Your goal
Could you restate the data word for word?

Records to process
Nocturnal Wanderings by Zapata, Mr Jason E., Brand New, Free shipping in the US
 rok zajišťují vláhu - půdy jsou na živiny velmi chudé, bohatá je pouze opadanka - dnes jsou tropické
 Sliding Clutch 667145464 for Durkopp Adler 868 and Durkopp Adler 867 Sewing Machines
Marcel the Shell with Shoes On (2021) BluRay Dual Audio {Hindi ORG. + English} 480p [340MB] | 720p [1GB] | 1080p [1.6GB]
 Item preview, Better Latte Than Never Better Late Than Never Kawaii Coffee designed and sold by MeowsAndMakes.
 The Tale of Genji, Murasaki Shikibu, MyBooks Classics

Output of the exercise
Nocturnal Wanderings by Zapata, Mr Jason E., Brand New, Free shipping in the US
 rok zajišťují vláhu - půdy jsou na živiny velmi chudé, bohatá je pouze opadanka - dnes jsou tropické
 Sliding Clutch 667145464 for Durkopp Adler 868 and Durkopp Adler 867 Sewing Machines
Marcel the Shell with Shoes On (2021) BluRay Dual Audio {Hindi ORG. + English} 480p [340MB] | 720p [1GB] | 1080p [1.6GB]
 Item preview, Better Latte Than Never Better Late Than Never Kawaii Coffee designed and sold by MeowsAndMakes.
 The Tale of Genji, Murasaki Shikibu, MyBooks Classics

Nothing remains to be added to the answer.